The entire integrated system consists of a uSight-2000 module mounted onto a Nikon Ci-S microscope equipped with a motorized stage, fluorescence light source from 89 North and our standard integrated USB3.0 camera to capture the fluorescence image. We used 1.0 µm  TetraSpeck™ microspheres and a 400 nm long pass filter to remove the UV excitation light. All measurement were taken with Nikon 100X 0.9 NA objective. The uSight-2000 offers UV-Vis-NIR measurement which is sensitive enough for fluorescence spectrum measurement with excellent spatial resolution.

 

Figure 1. (A-B) Fluorescence image and (C) its respective spectrum of TetraSpeckTM microbeads

 

Figure 1(A) is an example of fluorescence image taken from TetraSpeckTM microbeads. The average size of the microbead is around 1.5 ± 0.05 µm (statistic collected from >10 microbeads). These          TetraSpeckTM microbeads are loaded with 4 different dyes with well-separated excitation/emission peaks, i.e. 360/430 nm (blue), 505/515 nm (green), 560/580 nm (yellow) and 660/680 nm (dark red), respectively.

 

We collected the fluorescence spectra from 3 different locations from the sample, as shown in     Figure 1(B).  Figure 1 (C) shows the spectrum from the microbeads (bead 1 and 2) contains multiple emission peaks which        correspond to 436, 476, 510, 580 and 670 nm. One important advantage is the good spatial (x, y) resolution from the uSight-2000. The emission spectrum collected from Bead 2 and background in Figure 1C are less than 5 µm apart with no spectral cross-talk is observed. In fact, we measured with NIST traceable reference standard all our uSight-2000 systems to show the achievable spatial resolution is less than or equal to 1µm[3] when using 100x objective lens.
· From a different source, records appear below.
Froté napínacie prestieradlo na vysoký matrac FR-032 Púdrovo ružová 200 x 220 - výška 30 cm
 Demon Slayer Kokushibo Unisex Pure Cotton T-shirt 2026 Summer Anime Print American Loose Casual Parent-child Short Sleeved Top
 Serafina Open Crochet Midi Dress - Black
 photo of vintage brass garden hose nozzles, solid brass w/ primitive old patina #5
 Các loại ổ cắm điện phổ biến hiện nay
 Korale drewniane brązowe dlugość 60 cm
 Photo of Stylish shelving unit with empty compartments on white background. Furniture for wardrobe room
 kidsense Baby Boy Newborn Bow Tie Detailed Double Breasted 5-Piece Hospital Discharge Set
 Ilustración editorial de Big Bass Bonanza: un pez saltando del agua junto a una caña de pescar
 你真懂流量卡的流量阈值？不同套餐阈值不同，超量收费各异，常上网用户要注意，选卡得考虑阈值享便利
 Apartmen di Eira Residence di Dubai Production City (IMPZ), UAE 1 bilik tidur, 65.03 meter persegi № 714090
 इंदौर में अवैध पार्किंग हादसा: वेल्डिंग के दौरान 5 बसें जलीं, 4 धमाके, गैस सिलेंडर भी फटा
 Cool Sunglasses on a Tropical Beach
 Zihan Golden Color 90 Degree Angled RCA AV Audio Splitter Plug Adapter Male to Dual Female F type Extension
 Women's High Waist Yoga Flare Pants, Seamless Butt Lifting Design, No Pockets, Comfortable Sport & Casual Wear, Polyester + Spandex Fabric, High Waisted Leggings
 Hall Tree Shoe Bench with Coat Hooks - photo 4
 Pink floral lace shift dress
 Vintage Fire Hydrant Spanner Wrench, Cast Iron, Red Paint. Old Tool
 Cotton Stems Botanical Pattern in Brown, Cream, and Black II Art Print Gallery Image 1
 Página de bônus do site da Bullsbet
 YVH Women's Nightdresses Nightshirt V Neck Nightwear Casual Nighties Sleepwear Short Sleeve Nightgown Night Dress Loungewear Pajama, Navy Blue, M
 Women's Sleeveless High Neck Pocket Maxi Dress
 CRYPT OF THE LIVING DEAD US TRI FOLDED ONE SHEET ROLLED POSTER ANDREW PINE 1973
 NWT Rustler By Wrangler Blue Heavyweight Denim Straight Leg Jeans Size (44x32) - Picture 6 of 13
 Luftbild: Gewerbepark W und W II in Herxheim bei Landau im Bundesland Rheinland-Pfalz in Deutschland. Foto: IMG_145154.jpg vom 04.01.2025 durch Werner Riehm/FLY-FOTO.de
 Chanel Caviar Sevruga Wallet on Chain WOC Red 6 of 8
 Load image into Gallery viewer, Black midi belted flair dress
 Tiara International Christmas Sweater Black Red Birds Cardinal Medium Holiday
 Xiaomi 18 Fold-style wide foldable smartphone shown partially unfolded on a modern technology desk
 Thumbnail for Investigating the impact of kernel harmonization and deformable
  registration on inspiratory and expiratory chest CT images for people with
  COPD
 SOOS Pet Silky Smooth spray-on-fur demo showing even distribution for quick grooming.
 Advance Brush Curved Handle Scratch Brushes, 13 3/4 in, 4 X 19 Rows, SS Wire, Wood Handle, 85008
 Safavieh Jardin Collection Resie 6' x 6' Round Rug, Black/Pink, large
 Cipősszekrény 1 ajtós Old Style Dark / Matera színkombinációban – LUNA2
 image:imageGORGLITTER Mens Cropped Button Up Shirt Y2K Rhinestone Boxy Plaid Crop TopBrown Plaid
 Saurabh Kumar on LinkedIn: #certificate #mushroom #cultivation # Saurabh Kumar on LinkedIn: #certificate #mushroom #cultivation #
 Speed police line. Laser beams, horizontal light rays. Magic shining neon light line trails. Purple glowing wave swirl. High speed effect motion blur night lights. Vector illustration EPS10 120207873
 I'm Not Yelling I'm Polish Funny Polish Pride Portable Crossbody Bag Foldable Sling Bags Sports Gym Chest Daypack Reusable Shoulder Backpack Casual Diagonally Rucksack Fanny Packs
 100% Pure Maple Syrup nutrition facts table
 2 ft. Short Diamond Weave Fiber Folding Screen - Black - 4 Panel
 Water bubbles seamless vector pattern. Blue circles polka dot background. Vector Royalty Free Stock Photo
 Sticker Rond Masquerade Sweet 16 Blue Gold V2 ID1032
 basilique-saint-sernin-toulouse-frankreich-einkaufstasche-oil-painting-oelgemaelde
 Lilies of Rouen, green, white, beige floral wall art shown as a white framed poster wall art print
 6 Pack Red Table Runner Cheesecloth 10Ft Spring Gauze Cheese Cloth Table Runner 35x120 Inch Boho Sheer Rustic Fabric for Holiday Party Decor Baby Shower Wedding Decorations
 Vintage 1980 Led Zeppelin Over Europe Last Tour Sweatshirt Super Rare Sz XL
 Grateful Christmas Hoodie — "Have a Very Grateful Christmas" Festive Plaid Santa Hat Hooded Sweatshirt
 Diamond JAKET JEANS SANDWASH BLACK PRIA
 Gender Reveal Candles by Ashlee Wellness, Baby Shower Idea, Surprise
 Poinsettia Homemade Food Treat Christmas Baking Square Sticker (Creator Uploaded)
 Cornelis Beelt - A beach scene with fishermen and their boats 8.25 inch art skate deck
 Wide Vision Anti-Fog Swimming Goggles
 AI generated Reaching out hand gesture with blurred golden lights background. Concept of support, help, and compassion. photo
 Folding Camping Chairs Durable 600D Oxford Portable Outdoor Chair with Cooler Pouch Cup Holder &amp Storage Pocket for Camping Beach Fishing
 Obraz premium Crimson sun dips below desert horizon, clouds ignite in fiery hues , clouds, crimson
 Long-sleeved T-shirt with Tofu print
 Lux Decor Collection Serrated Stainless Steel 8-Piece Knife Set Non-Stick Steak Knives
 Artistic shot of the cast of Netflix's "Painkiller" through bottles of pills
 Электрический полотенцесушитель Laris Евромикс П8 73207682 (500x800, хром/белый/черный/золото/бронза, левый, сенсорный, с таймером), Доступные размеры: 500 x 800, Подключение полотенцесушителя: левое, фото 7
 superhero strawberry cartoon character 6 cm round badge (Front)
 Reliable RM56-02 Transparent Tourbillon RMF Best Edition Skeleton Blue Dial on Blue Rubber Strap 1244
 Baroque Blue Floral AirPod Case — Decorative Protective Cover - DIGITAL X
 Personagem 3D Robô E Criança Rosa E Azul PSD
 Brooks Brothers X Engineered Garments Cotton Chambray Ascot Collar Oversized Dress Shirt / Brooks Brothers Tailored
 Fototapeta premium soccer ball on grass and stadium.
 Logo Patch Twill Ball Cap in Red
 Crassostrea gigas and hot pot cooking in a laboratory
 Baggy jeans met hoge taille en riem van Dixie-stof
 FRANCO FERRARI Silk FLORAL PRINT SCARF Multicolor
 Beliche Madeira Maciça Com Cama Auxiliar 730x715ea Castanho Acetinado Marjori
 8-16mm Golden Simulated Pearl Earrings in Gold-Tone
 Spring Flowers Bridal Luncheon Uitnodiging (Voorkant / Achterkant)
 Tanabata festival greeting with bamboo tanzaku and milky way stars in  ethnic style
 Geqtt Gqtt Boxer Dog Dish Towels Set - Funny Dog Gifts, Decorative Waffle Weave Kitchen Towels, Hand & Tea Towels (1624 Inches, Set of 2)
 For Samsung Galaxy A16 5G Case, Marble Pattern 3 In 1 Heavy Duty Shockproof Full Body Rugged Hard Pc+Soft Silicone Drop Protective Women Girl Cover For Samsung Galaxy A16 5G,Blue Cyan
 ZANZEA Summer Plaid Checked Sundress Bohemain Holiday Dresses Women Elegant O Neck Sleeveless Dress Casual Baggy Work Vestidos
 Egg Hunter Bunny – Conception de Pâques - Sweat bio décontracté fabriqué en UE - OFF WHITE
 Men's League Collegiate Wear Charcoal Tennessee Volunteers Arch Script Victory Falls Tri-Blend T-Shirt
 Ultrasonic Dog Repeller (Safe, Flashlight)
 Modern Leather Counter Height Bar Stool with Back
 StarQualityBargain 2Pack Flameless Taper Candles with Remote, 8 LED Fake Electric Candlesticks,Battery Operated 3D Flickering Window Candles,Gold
In conclusion, uSight-2000 is UV-vis-NIR microspectroscopy that enables various spectroscopic measurements with high spatial selectivity ranging from colour, reflectance, absorption, transmission, emission (fluorescence) and scattering measurements. uSight-2000 is an affordable spectroscopy solution that can even be incorporated to your existing microscope to further strengthen your  research capability.

 

 

 

 

Reference:

[1] Nano Letters, 2014, 14, 4023-4029. [2] Nature communications, 2014, 5: 5361.

[3] Spatial resolution of each Microspectroscopy system will vary around 15-20% of the designed specification due to compounded   mechanical tolerance of lens and other components by the respective microscope manufacturer. Nevertheless, all our complete uSight-2000 system that comes complete with a microscope will be pre-calibrated with a NIST traceable standard to reflect the exact           dimension of our measurement spot against the available objective lens. Typically using a 100X lens on a Nikon microscope will yield a 1mm (+/-0.1 mm) measurement spot, whereas on an Olympus microscope with equivalent parts the spot will be 0.9um (+/-0.1 mm).